17. Faut arrêter par contre, vous ne vivez ni de discriminations ni d’oppressions contrairement aux autres personnes LGBT : Ah ouiiii, c’est vrai qu’on ne subit aucune pression pour coucher avec notre partenaire. C’est vrai que nous ne sommes pas menacæs d’être envoyæs dans des thérapies de conversion parce qu’on « ce n’est pas normal de ne pas vouloir ken ». Entre autres… Les personnes aromantiques s’en prennent plein la gueule aussi de ce côté-là.
18. Vous ne faites pas partie des LGBT/ vous n’êtes pas Queer ? : je vous emmerde. Je suis légitime, la lettre A dans LGBTQIA+ n’existe pas pour rien. Et je me revendique Queer si je veux, parce que, selon la définition, être queer veut dire que notre orientation ou l’identité sexuelle ne correspond pas aux modèles dominants. Être ace, ce n’est pas un modèle dominant, à ce que je sache. Vous faites preuve d’acephobie (discrimination envers les personnes aces).
19. Je m’en fiche si tu es ace, ne te mets pas une étiquette : tu m’invisibilises et invisibilises les personnes aces avec ton discours. Si seulement nous vivions dans un monde où chaque personne se mêlerait de son fondement, mais ce n’est pas le cas, hélas, puisque ce même monde est toujours gangréné par divers types de discriminations et d’oppressions. Je suis ace et j’existe, et j’exige même qu’on me laisse en parler librement.

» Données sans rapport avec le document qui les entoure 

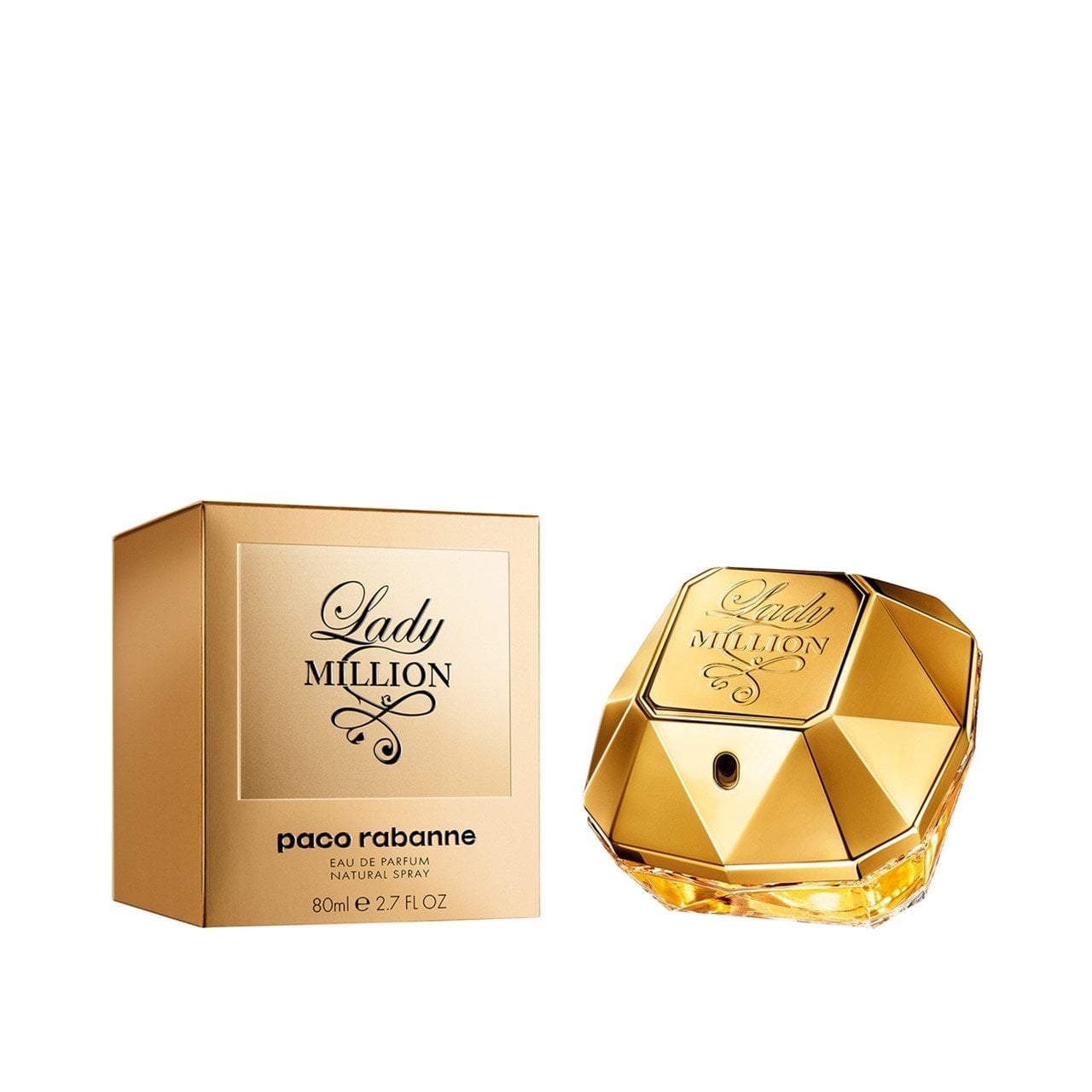 RABANNE LADY MILLION eau de parfum spray 80 ml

Nous aimerions être représentæs correctement dans les histoires, l’art en règle générale, etc. D’ailleurs, vous pouvez faire appel à des Sensitivity Readers pour créer des personnages aces, que vous soyez concernæs ou pas.
20. Arrête d’en parler alors, c’est ta vie privée : même réponse que pour la phrase 19. Le jour où l’humanité aura évolué au max sur la question, nous en reparlerons. Vous êtes les mêmes personnes qui me disent la bouche en cœur que je n’ai pas rencontré le bon mec, que vous allez m’apprendre à « aimer ça ». Stop, à un moment donné, fermez-la en fait.
Il est possible que je complète cet article au fur et à mesure du temps, en fonction des flingueries que je pourrais encore me prendre en pleine poire.
À un moment donné, lâchez-nous la grappe, en fait. Merci.
Sur une note plus positive : si vous êtes une personne ace, j’espère que cet article vous aura fait du bien. C’est aussi pour cette raison que je le publie 😊.